(Short descriptive text snippets)
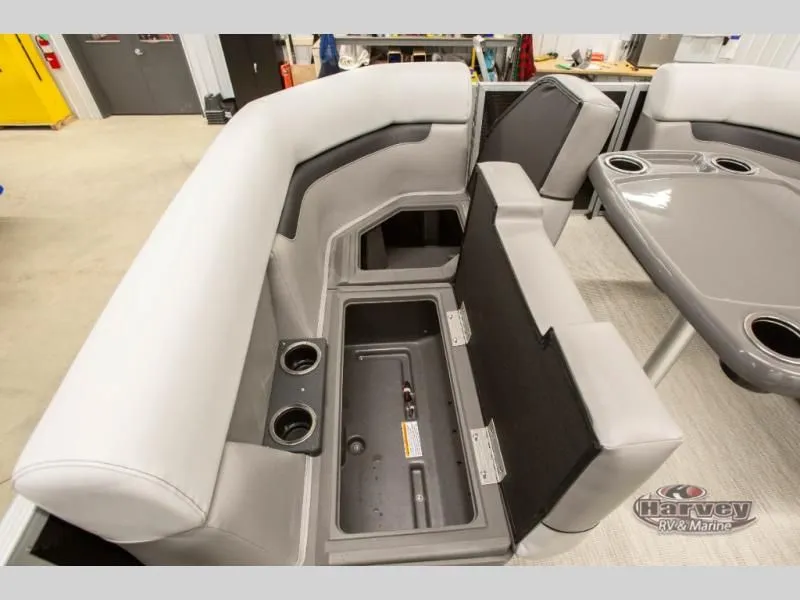 Slide: The Image of Interior of 2026 Vectra Classic 19 L with storage and cup holders. - 17
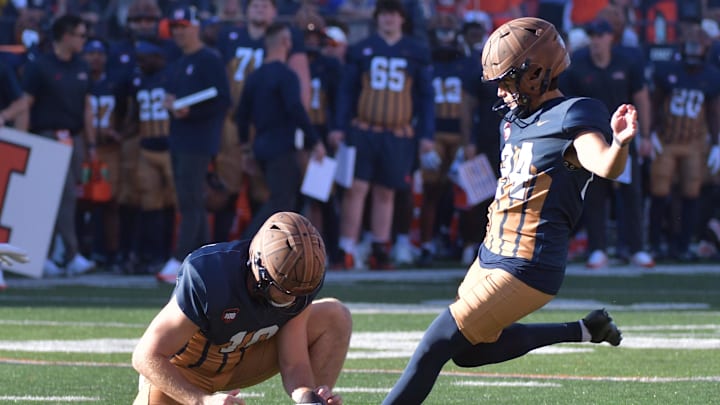 Oct 19, 2024; Champaign, Illinois, USA; Illinois fighting Illini kicker David Alano kicks a field goal against the Michigan Wolverines during the first half at Memorial Stadium. Mandatory Credit: Ron Johnson-Imagn Images Oct 19, 2024; Champaign, Illinois, USA; Illinois fighting Illini kicker David Alano kicks a field goal against the Michigan Wolverines during the first half at Memorial Stadium. Mandatory Credit: Ron Johnson-Imagn Images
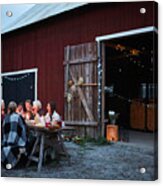 Male And Female Friends Enjoying Dinner Party Against Barn At Farm Acrylic Print
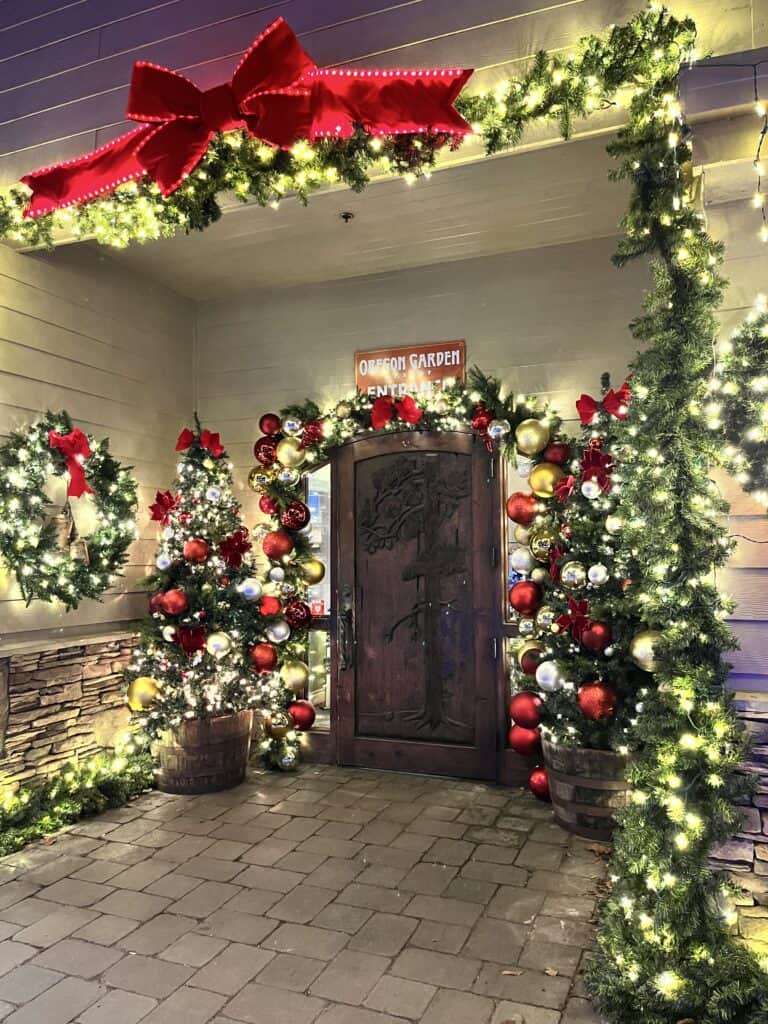 Entrance door to the Oregon Garden Resort, fully decorated for Christmas with lights, evergreen garland, red and gold bows and ornaments.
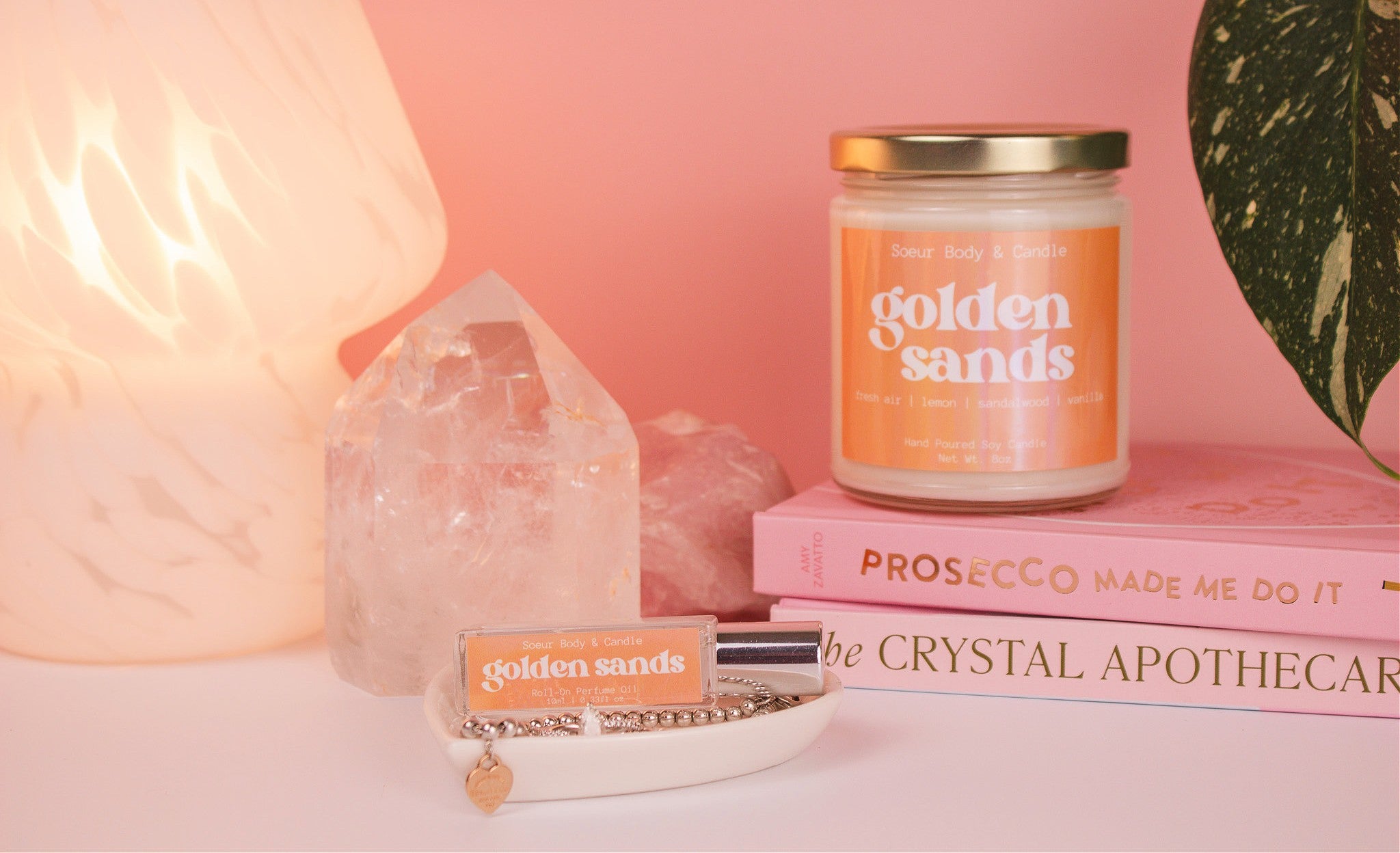 Golden Sands perfume oil displayed in a jewelry dish, with a matching candle and a stack of books in the background, set against a lamp, plant, and crystals. Fragrance notes: fresh air, lemon, sandalwood, and vanilla.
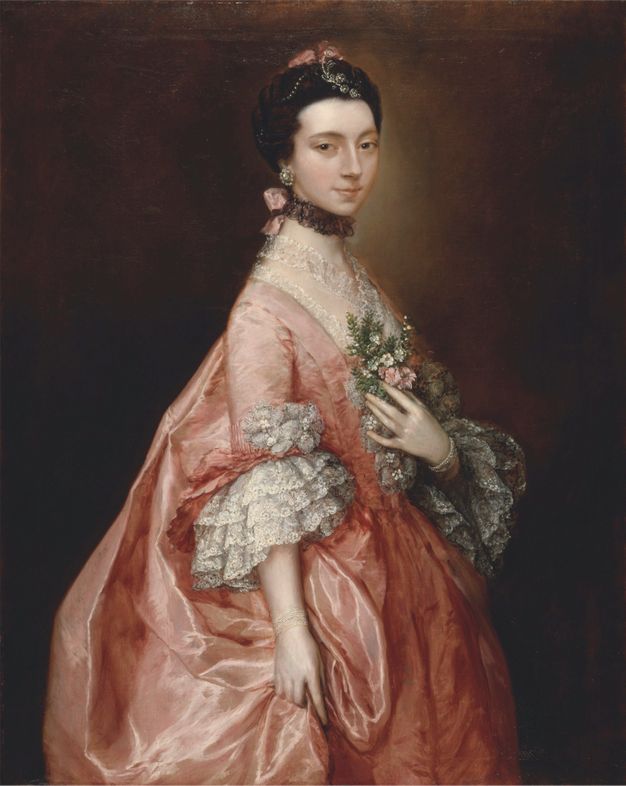 Painting. Shown from the thighs up, a pale-skinned woman wearing a carnation pink dress with cascading lace cuffs at the elbows stands in front of a dark background. Her body faces our right, her far hand resting on a spray of pink and white flowers and green leaves at her chest.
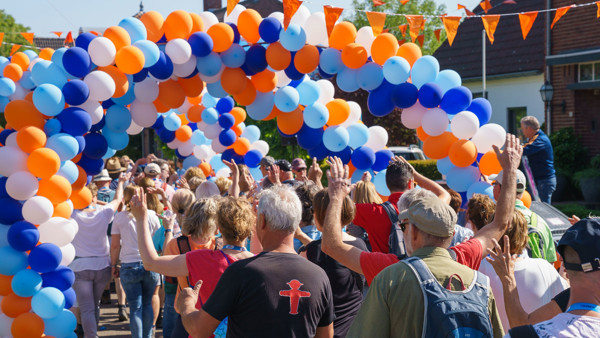 Deelnemers aan de Venloop lopen onder een ballonnenboog door. Deelnemers aan de Venloop lopen onder een ballonnenboog door.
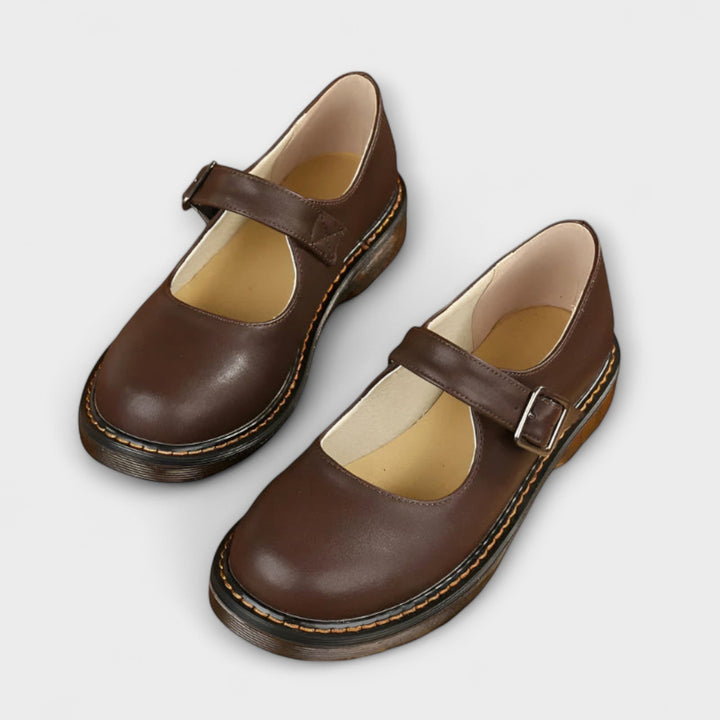 Women's classic black Mary Jane flat shoes with buckle strap; comfortable and versatile for everyday or formal wear.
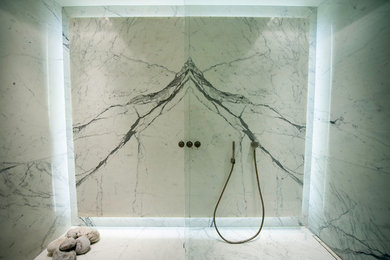 Photo of a bathroom in London with a walk-in shower, stone slabs and marble flooring.
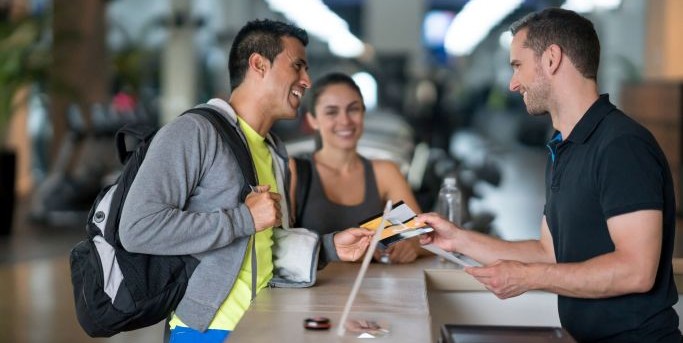 Homme discutant avec le réceptionniste d'une salle de sport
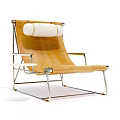 Modern Yellow Leather Lounge Chair with Metal Frame Small Round Side Table and White Cushion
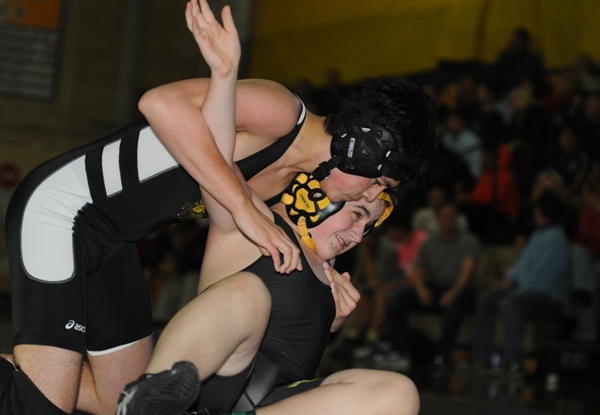 Caleb Murphy (bottom) takes on Alex Dippold of Lutheran South.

_Exercise instructions_
Transcribe exactly the lines running from the line with "Golden Sands perfume" to the last line of the entries. Pictures stay out of the copy.

_Exercise answer_
 Golden Sands perfume oil displayed in a jewelry dish, with a matching candle and a stack of books in the background, set against a lamp, plant, and crystals. Fragrance notes: fresh air, lemon, sandalwood, and vanilla.
 Painting. Shown from the thighs up, a pale-skinned woman wearing a carnation pink dress with cascading lace cuffs at the elbows stands in front of a dark background. Her body faces our right, her far hand resting on a spray of pink and white flowers and green leaves at her chest.
 Deelnemers aan de Venloop lopen onder een ballonnenboog door. Deelnemers aan de Venloop lopen onder een ballonnenboog door.
 Women's classic black Mary Jane flat shoes with buckle strap; comfortable and versatile for everyday or formal wear.
 Photo of a bathroom in London with a walk-in shower, stone slabs and marble flooring.
 Homme discutant avec le réceptionniste d'une salle de sport
 Modern Yellow Leather Lounge Chair with Metal Frame Small Round Side Table and White Cushion
 Caleb Murphy (bottom) takes on Alex Dippold of Lutheran South.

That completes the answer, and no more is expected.